⚙ Configuration
Disabled by default because it generates extra training examples per resolution. Enable when:
  • Sample size is small (<200 resolutions) and you want regularization
  • Reliability diagram shows the model is overconfident in specific regions
  • Counterfactual replay shows brittlePct > 30%
α controls the Beta(α, α) distribution that λ is drawn from. α=0.2 → mostly λ near 0 or 1 (light mix). α=1.0 → uniform λ (heavy mix).
📚 How mixup works
Standard SGD trains on observed examples (x, y). Mixup (Zhang et al. 2018) generates additional synthetic examples by linearly interpolating between pairs: x_mix = λ × x_a + (1-λ) × x_b
y_mix = λ × y_a + (1-λ) × y_b
where λ ~ Beta(α, α)
Effect: the model is forced to learn linear interpolations between data points.
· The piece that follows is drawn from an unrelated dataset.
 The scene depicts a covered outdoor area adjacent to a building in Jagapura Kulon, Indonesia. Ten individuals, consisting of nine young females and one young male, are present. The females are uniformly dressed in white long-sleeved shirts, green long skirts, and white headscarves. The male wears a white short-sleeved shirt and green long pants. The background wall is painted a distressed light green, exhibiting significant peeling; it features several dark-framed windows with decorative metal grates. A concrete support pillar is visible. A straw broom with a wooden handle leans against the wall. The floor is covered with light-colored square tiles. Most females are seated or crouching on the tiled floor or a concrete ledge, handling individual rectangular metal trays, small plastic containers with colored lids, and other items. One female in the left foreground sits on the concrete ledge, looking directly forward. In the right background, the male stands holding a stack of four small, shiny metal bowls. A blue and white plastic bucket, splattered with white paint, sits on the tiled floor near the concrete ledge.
This regularizes toward smoother decision boundaries — the prediction at a point halfway between two training examples should be roughly halfway between their predictions. Empirically this:
  • Reduces overfitting on small datasets
  • Improves robustness to small input perturbations (catches the same kind of brittleness Counterfactual Replay measures)
  • Improves calibration (synthetic intermediate labels train the model to output intermediate probabilities)
Pipeline: after the main training pass on resolved examples, the continuous-learner generates K=5 synthetic mixup examples and trains on them with discounted sample weight (0.5×). Disabled by default.